--- Work to be completed ---
All lines below starting at the one that holds "Adding and reading" and ending at the one that holds "If it's Not" should be printed exactly, ends included. Pictures should not be printed, nor anything else.

--- Exercise data ---
+-------+

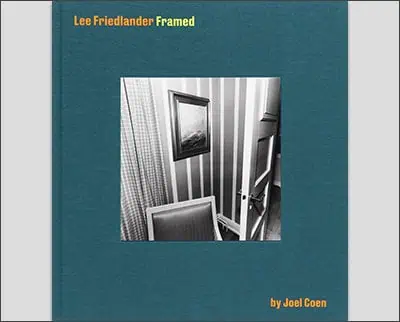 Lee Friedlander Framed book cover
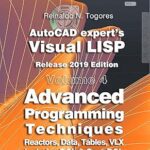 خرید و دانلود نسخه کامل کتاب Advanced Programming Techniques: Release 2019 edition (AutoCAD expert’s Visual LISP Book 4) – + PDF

+-------+

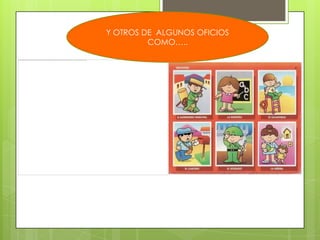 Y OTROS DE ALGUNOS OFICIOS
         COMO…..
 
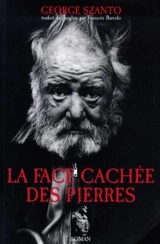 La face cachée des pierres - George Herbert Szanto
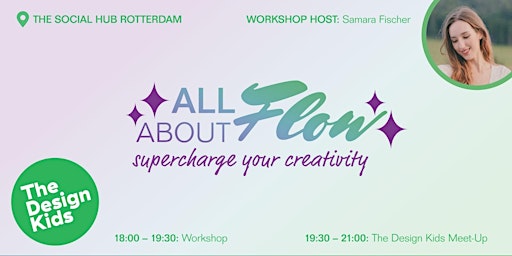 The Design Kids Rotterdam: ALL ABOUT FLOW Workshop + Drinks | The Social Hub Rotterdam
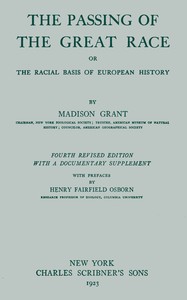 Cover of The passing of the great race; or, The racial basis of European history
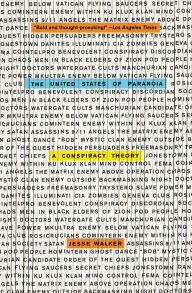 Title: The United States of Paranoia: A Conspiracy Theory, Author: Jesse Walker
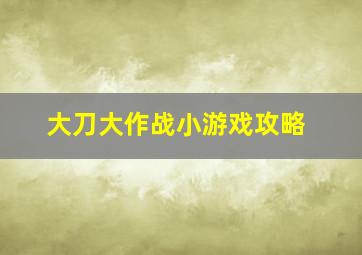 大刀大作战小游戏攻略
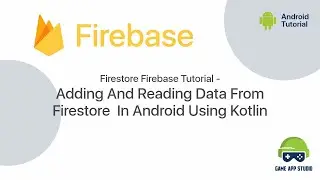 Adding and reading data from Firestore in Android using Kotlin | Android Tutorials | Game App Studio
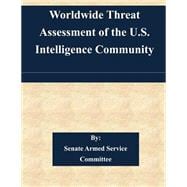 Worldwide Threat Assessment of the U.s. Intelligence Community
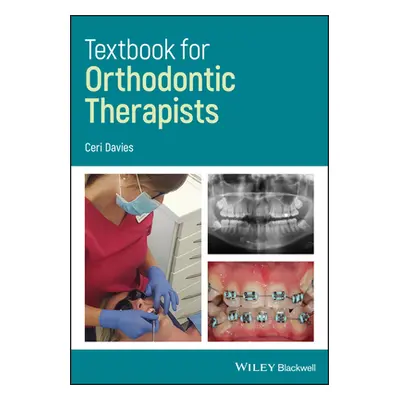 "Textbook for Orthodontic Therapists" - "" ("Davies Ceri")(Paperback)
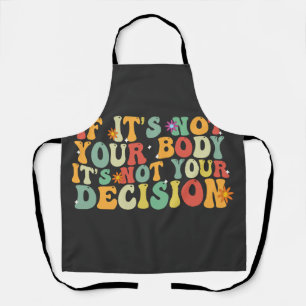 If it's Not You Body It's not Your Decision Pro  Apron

+-------+

--- Result for this task ---
 Adding and reading data from Firestore in Android using Kotlin | Android Tutorials | Game App Studio
 Worldwide Threat Assessment of the U.s. Intelligence Community
 "Textbook for Orthodontic Therapists" - "" ("Davies Ceri")(Paperback)
 If it's Not You Body It's not Your Decision Pro  Apron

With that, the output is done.